Sempre in quell’anno, il lato B del 45 “La canzone del sole”, è “Anche per te”, scene di quotidianità osservate con misericordia da una voce narrante che scopertosi impotente davanti al dramma della solitudine umana si domanda a Chi affidarsi per consolare quelle vite.

In tempi più recenti , il 3 Dicembre 2022, in una intervista al quotidiano “Avvenire, Mogol confessa: “Prego tutte le mattine 15 / 20 minuti per tutti quelli che conosco, specie per gli ammalati e mi sento bene. E poi occorre accettare il nostro destino qualunque esso sia: questa è una prova di grande fede.” Aggiungendo di avere una corrispondenza epistolare con papa Francesco. Come sono distanti gli anni di quell’angelo dalle ali tarpate proprio dalla chiesa!

“Già nel “Nostro caro angelo” si avvertiva questa mia ironia verso il Lucio Battisti degli anni precedenti, questa demitizzazione, non per volontà suicida, non per autolesionismo, non per rinnegare ma semplicemente per preparare il terreno all’azzeramento di una personalità monumentale, per azzerarla prima e umanizzarla al massimo, farla partecipare alla vita degli altri, comunicare con gli altri per mezzo della musica (…) con cose vere dette in mezzo agli altri (…) solo uguali a tutti gli altri.” Questo, in cui Battisti parla in terza persona, è un brano della famosa intervista organizzata da Renato Marengo nel 1974 (quando stava per pubblicare “Anima Latina”) per “Ciao 2001”, iconico settimanale che in quegli anni era la “gazzetta” del rock nazionale e internazionale. Da queste parole si può intuire che i temi sociali nei testi di Mogol soddisfavano la “mission” della sua musica: “ In pratica, proprio perché mi sono sempre considerato “avanti” rispetto a tutto il resto, nella mia continua ricerca evolutiva era inevitabile che giungessi a conclusioni di rottura e al tempo stesso a premesse di un nuovo tipo di aperture considerando il momento di passaggio proprio in alcuni brani e situazioni “accennate” ne “Il nostro caro angelo”. Più chiaro di così!

In quegli anni magmatici, il musicista Battisti continuava nella ricerca compositiva, infrangendo anche lui le convenzioni e i formalismi nei territori sonori di sua competenza.

Lo testimoniano le jam session blues di “Amore non amore”, gli arrangiamenti essenziali de “Il nostro caro angelo” (dopo quelli ridondanti de “Il mio canto libero”), fino ad arrivare al capolavoro “prog” di “Anima latina”, nel quale già medita “lo strappo” dalla sottomissione della sua musica rispetto ai testi di Mogol.

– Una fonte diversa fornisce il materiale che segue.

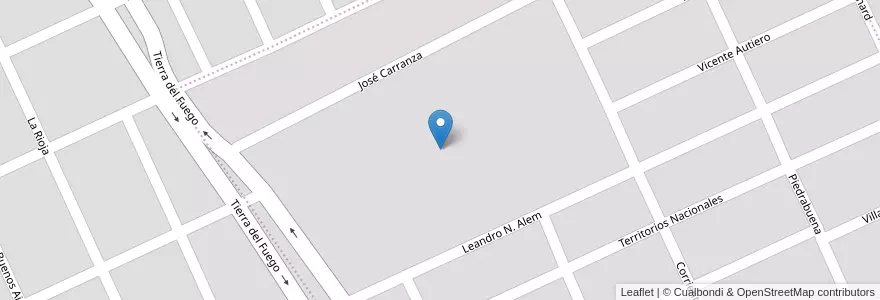 Mapa de ubicacion de centro de encuentro en الأرجنتين, شوبوت, Puerto Madryn, Departamento Biedma.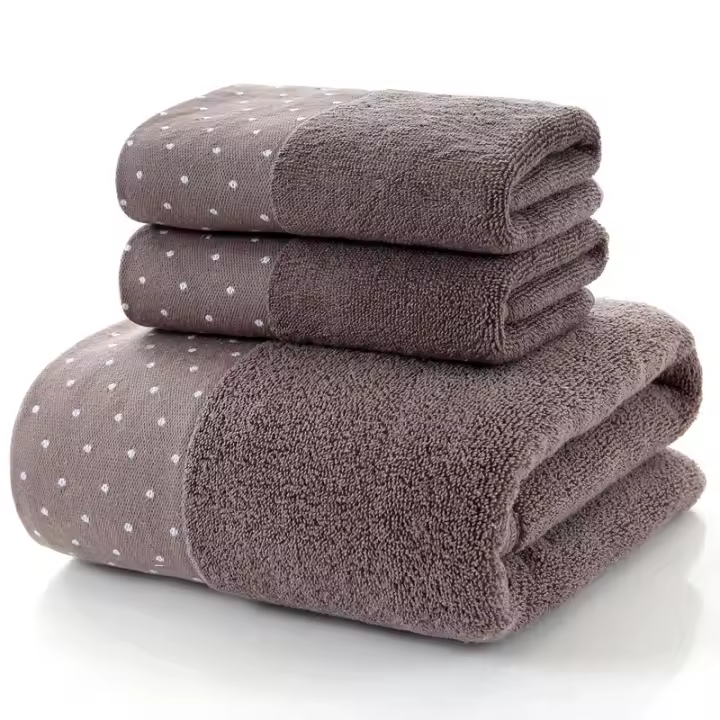 Toalla de baño con estampado geométrico de 70 x 140 cm, se puede usar para manos, cara y ducha. 1 pieza. - 1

Cosa che riuscirà ad ottenere 10 anni dopo. Ecco perché, il tentativo di ridurre in questi giorni la memoria di Battisti in caustiche querelle ci impedisce di approfondire sempre più quel fenomeno letterario  e musicale che è stata l’avventura artistica (ognuno per la propria parte) di Mogol-Battisti.

P.S.: L’autore di questo articolo consiglia per chi vuole conoscere ancor di più la stagione di Mogol Battisti nelle loro implicazioni culturali e sociali la lettura di questi libri: Renzo Stefanel  – “Ma c’è qualcosa che non scordo. Le parole di Mogol per la musica di Battisti. (Nuova edizione)  Indipendently published , 2020; Renato Marengo – “Parole di Lucio” Chinaski Edizioni, 2016.